Safety criteria for the robot-related and distance-related parameter definition were taken from the example given in the tab.

Case Study Scenario Modeling

• Task Description
• Robot Trajectory Planning and Safety Criteria Evaluation
• Safety Expert System Assessment and Safety Modes Evaluation

Analysis has been provided with the assumption that the scanning process is performed at three locations (points): P1, P2 and P3 (see Fig.7.5) The robotic human approaching "safe" configurations is defined as shown in Fig. In the robot motion planning, to avoid violating the safety criteria, the continuous move from point to point must be performed with the linear interpolation. The majority of the security systems are already embedded in the KUKA robot and control system.

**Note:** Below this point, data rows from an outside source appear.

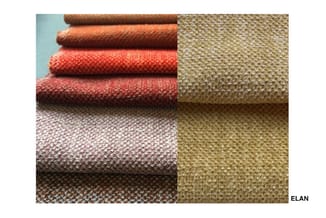 Stoffalen van ELAN in verschillende kleuren: terracotta, koraal, roze, grijs en groen tinten, weergegeven als opgerold stofmo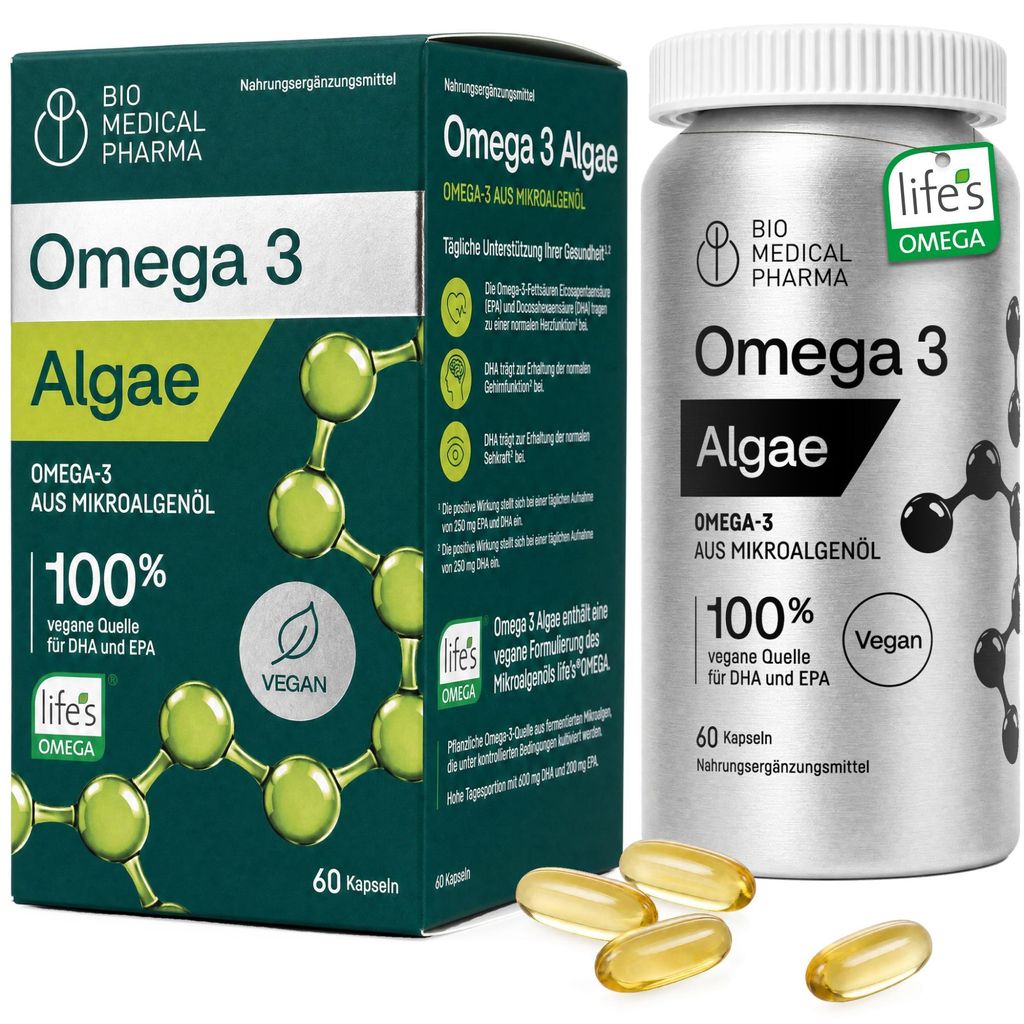 Omega 3 Vegan Algenöl Kapseln – 600mg DHA + 200mg EPA pro Produktbild 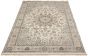 Bordered  Traditional Ivory Area rug 6x9 Persian Hand-knotted 307132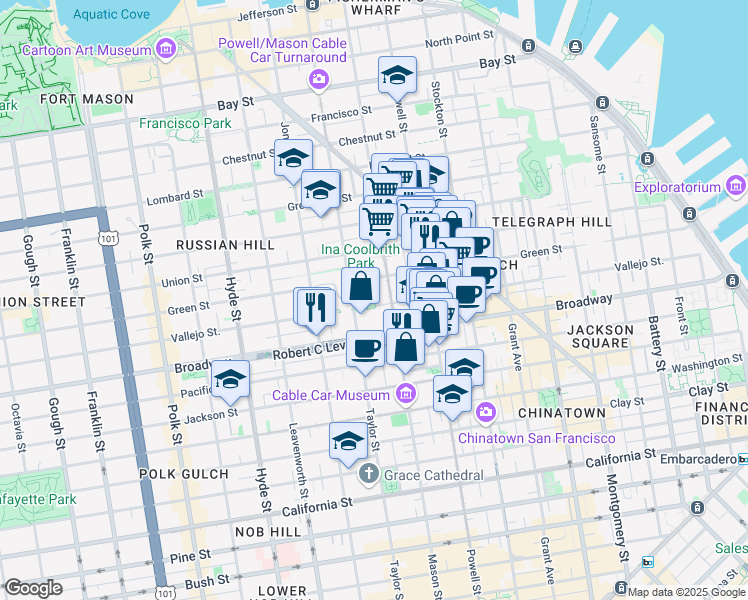 map of restaurants, bars, coffee shops, grocery stores, and more near 1750 Taylor Street in San Francisco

Transition is only allowed between modes M2 and M3 according to the flow diagram shown in fig.

Conclusion

Thesis Summary and Contributions

The main basis for the estimates is a modeling of human-robot collisions, the thresholds for head injury (cranial fracture, pain) and the likelihood of serious injury occurring. A metric formulated for hazard level estimation in the human-robot interaction domain for use in path planning and control strategies. The safety mode controller is integrated into the overall safety system as an independent unit that makes it possible to ensure the reliability of the decision-making procedure.

The safety mode regulator is integrated into the entire safety system as an independent unit and is intended to ensure the reliability of the decision-making process.

Future work

Hirzinger, The Role of Robot Mass and Velocity in Physical Human-Robot Interaction – Part I: Open Unconstrained Effects, in IEEE International Conference on Robotics and Automation (ICRA), Pasadena, USA, 2008. Hirzinger, The Role of Mass and robot speed in physical human-robot interaction - Part II: Open unconstrained influences, in Proc. Burdick, Dynamic Exact Model and Inertial Parameters of the PUMA 560 Arm Robotics and Automation, Cont.

The Task worksheet consists of groups of tasks (Task n), defined for each interaction level (Ln) and performance description.